The psychology of home is an important new area of study because of the millions of baby boomers heading into retirement. It has been forecast that by 2030, the U.S. population of those age 80 and older will increase by 79 percent. According to “Where Do We Go From Here? Long-Term Care in the Age of the Baby Boomers,” an article that appeared in the spring 2015 issue of the National Academy of Elder Law Attorneys Journal, “Community-based long-term care options for the wealthy and the poor are beginning to expand, but for most middle-class Americans, the services they need to remain at home continue to be unaffordable and piecemeal.” Thus, traditional nursing home living will continue to be needed for millions of elderly people who will be unable to remain in their homes.

Fortunately, caregivers already know how to help seniors prepare for a rupture to their homelife. Ferrari says, “When we take senior citizens and place them in nursing homes, what do we do? We bring with them some things that make it more homelike. We need to realize that as we get older, we have to let things go. It doesn’t mean we have to let go of the memories.”

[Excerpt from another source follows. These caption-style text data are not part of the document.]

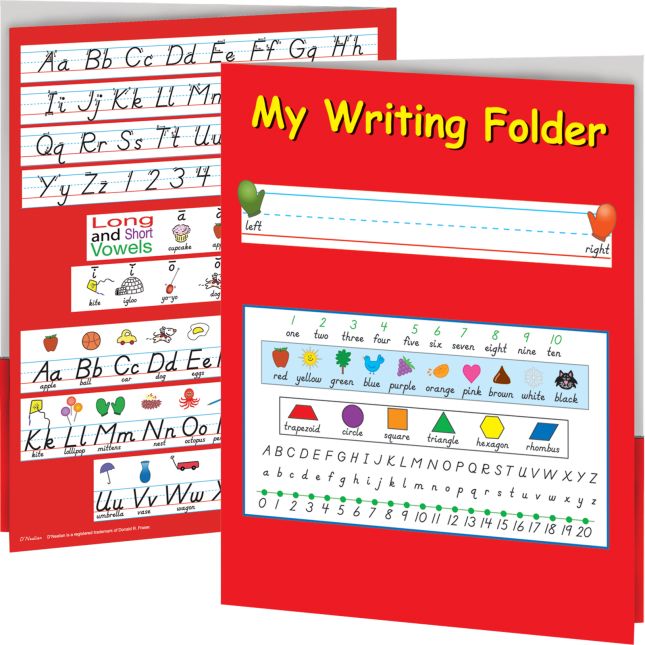 My Writing Folder - D'Nealian - 12 folders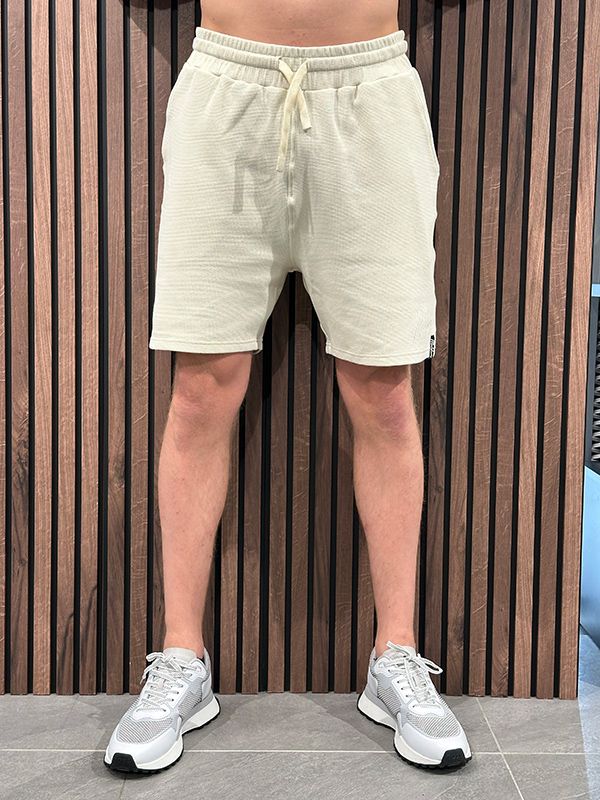 Malelions - Signature Waffle Short - Beige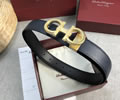 Ferragamo Leather belt best quality 1:1 W3.5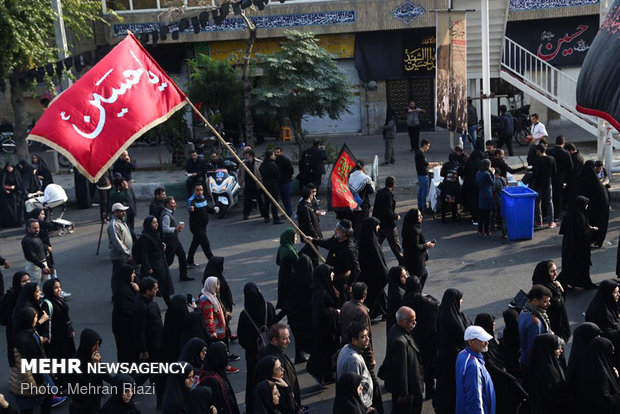 مسيرة الأربعين الحسيني في العاصمة طهران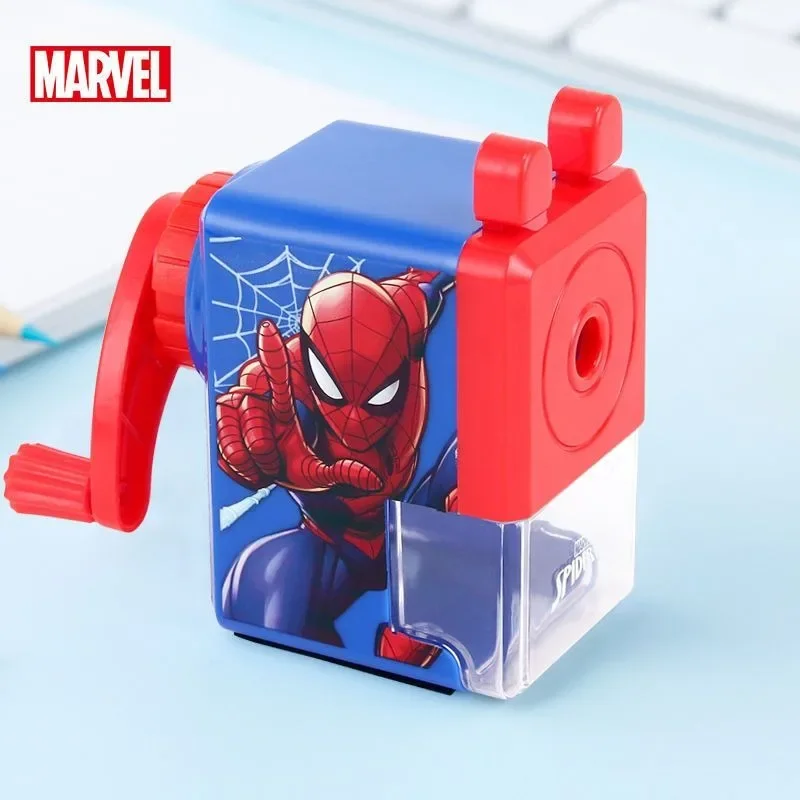 Marvel Avengers Spider-Man Pencil Sharpener Children's Cartoon Automatic Lead Insertion Student Pencil Sharpener Birthday Gift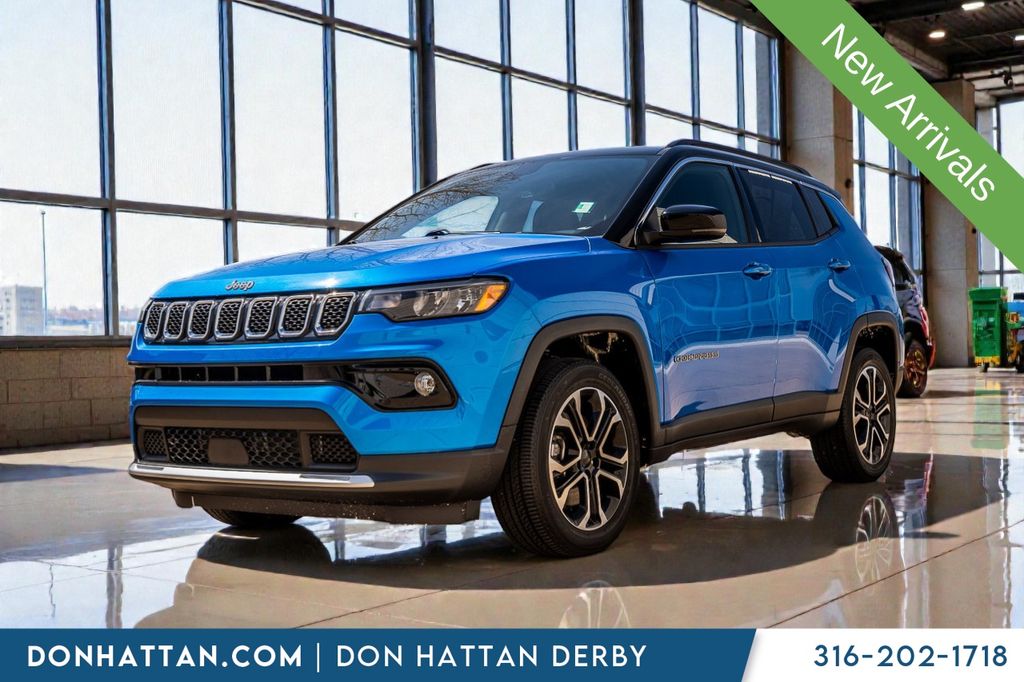 Laser Blue Pearlcoat 2023 Jeep Compass Limited 4WD SUV / Crossover Four-Wheel Drive 8-Speed Automatic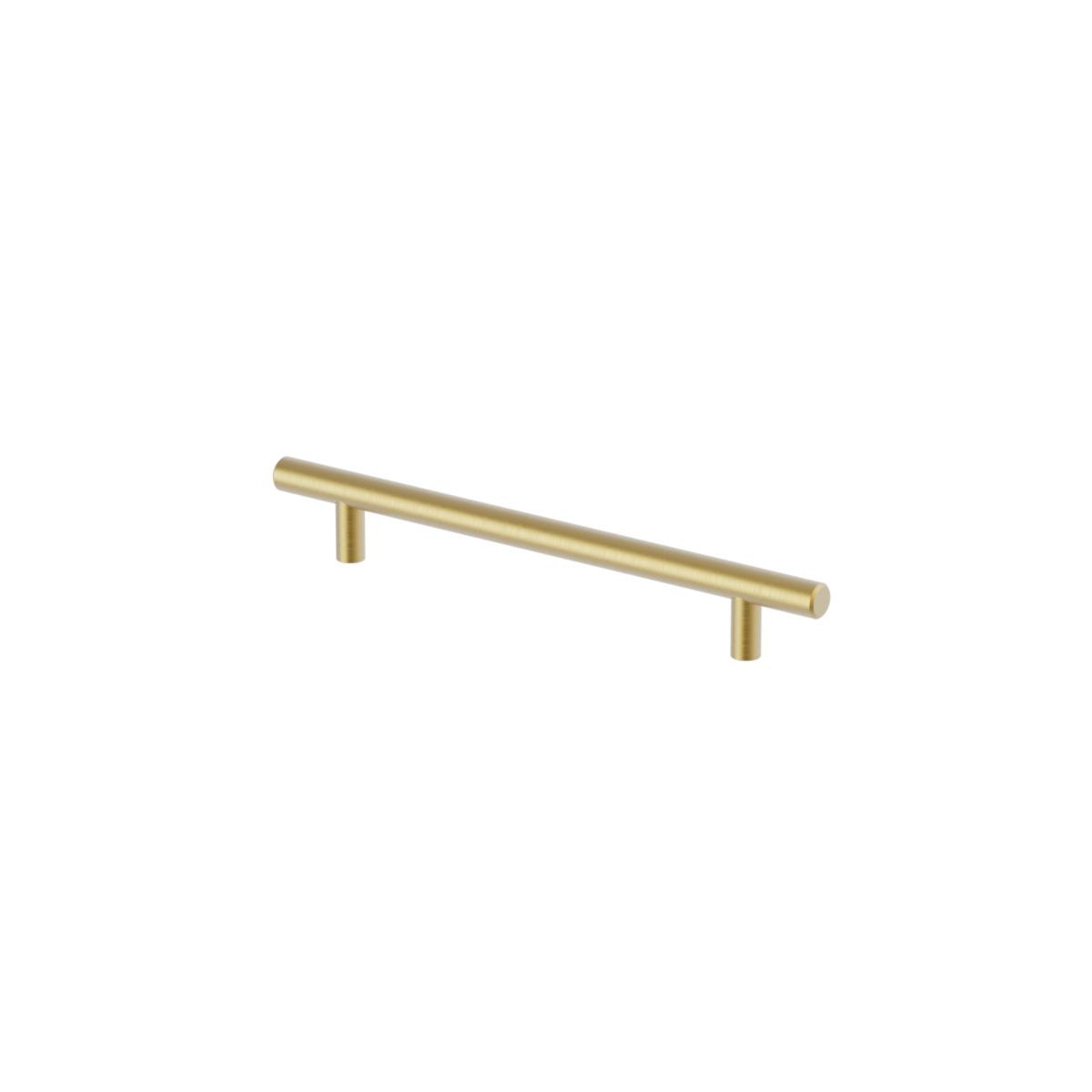 Solid T-Bar - Brushed Brass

Likewise, with the number of displaced persons at its highest level in recorded history—59.5 million, according to the United Nations High Commissioner for Refugees—understanding the psychology of home could help aid workers relieve the stress, anger, sense of loss and rootlessness many feel when forced from their homes and homelands by war and environmental disasters. “The very first step,” says Ferrari, “is to be absolutely sensitive to the fact that the person has lost their home. Home for them is going to be very different. We must strive to reassure them that there is a chance for a new home waiting. Just like you take a house and add on a new room—it’s still that house, but you’re changing it. We need to realize that people need to do that when they immigrate to a new country. You keep the structure, but you need to change it.”

“The ache for home lives in all of us, the safe place where we can go as we are and not be questioned.”
—Maya Angelou, poet

“We shape our dwellings, and afterwards our dwellings shape us.”
—Winston Churchill, British statesman

“Swimming is normal for me. I’m relaxed, I’m comfortable and I know my surroundings. It’s my home.”